If you truly want to understand Mutagenesis by Nitrosamines, Relationship between metabolism and mutagenesis, factors that optimize mutagenesis by Nitrosamines, SAR relationship in mutagenesis… Please read this whole 54 pages article published by Dr. Guttenplan
N-Nitrosamines bacterial mutagenesis and in vitro metabolism.pdf (4.7 MB)

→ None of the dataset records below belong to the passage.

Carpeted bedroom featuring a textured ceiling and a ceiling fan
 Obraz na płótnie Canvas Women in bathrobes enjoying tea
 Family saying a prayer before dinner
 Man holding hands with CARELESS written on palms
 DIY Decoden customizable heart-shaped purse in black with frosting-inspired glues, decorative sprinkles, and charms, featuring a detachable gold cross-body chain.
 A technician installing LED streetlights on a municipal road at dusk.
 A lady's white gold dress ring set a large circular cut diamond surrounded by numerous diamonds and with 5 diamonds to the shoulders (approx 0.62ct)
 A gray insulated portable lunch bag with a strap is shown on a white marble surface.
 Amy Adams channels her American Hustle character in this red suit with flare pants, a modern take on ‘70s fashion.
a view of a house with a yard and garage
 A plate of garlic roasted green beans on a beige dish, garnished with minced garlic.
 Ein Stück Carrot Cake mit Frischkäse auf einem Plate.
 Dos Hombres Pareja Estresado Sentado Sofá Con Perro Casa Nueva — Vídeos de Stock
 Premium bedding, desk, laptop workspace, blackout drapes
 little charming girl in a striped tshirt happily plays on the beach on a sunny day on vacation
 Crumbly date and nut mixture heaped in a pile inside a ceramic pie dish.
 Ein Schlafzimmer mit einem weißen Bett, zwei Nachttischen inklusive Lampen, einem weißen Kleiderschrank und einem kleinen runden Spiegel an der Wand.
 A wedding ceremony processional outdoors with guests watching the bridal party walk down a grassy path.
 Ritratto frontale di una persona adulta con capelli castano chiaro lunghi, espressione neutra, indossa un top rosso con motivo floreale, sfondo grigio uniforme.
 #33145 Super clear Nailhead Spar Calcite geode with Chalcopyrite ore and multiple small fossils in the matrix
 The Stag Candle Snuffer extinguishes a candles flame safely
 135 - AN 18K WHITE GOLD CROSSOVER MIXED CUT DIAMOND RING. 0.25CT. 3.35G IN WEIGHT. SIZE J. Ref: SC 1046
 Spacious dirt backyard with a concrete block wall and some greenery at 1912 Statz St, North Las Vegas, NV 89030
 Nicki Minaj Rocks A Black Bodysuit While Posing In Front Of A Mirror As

While this is an important historic work it is dated and incomplete. It focuses on small nitrosamines and not the API-related nitrosamines today nor work on tobacco nitrosamines that was done by Hecht, and theses of Carlson, and Peterson. Consequently, discussion of metabolism by CYPs other than 2E1 are missing as well as effects of physicochemical properties and chemistry of nitrosamines, etc. SAR relationships have been expanded on as well; see my paper Developing structure-activity relationships for N-nitrosamine activity - ScienceDirect for more recent work. For other recent work on SAR relationships for establishing AI limits see the recent Dobo paper: https://pubs.acs.org/doi/pdf/10.1021/acs.chemrestox.1c00369
To understand the mutagenesis of nitrosamines (after you understand the competing phase 1 and 2 metabolism pathways) you also have to understand the DNA adducts formed, the DNA adduct profile, and which adduct-bases are mutagenic and which are not as well as which adducts are cytotoxic versus mutagenic. Of course you also need to know the appropriate DNA repair mechanism for your adducts and the DNA repair capacity in the species and tissues of interest. See: Do dose response thresholds exist for genotoxic alkylating agents? - PubMed and for two very recent papers see: IJMS | Free Full-Text | Metabolic Activation and DNA Interactions of Carcinogenic N-Nitrosamines to Which Humans Are Commonly Exposed and IJMS | Free Full-Text | Metabolism and DNA Adduct Formation of Tobacco-Specific N-Nitrosamines
@kpcross Thanks so much for your openness and for providing those insights and references. There is still a lot for us non-toxicologists to learn and understand when it comes to mutagenicity and metabolism of Nitrosamines. We are lucky to count on experts like you that can help us understand all this.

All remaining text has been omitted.